Traurig macht der November weit weniger als der Juni oder Juli. Wenn alles eingestellt scheint auf Rückschau, Vergänglichkeit, Melancholie, fühlt der Melancholiker sich pudelwohl. Er braucht nicht irre zu gehen an einer Welt, die rasend nur um sich kreist. Der Periphere rückt in die Mitte einer zentrifugalen Entschleunigung, die allgemein ist.

Im November also fiel mir wieder ein: Heimat ist, wo du begraben wirst. So ähnlich sagte es der alte Mann, der mir ungefragt eröffnete, er habe vor nunmehr vierzig Jahren, als er hierher zog, nach einem ersten Rundgang durch den Ort sofort gewusst: Hier willst du begraben sein. Gewiss war damals auch und sehr viel Liebe im Spiel, niemand zieht ganz leicht von dannen. Das Bekenntnis aber bleibt von kristalliner Klarheit. Das Grab wird uns wahr sprechen.

Wie die meisten Novembergedanken ist auch dieser eher sachlich denn traurig. Der ehemals junge Mann wusste – in der Nachhut eines Krieges, der Tod und Mord und Heimatlosigkeit und viele Gräber „in fremder Erde“ über die Welt gebracht hatte –, dass ihm einst die Stunde schlagen würde und dass sie es bitte hier tun solle. Dann würde sich sein Leben runden, auf der allerletzten Kehre.

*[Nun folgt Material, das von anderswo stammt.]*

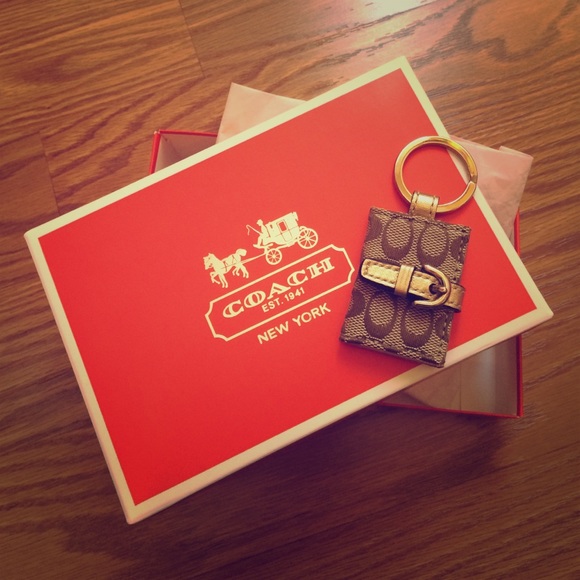 Coach Picture Frame Keychain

So streckt der ganze November sich aus. Er ist ein Pfeil, kein Kreis, ein Weckruf, kein Abgesang. Er bricht die morschen Zweige, damit der Boden wachsen kann. Er hebt die Blätter, um sie einmal wenigstens flattern zu lassen, in freier Verzückung sonnenwärts. Er ist Episode, die schwindet und wiederkehrt, gerade so Epoche macht und tröstet. Ich mag ihn.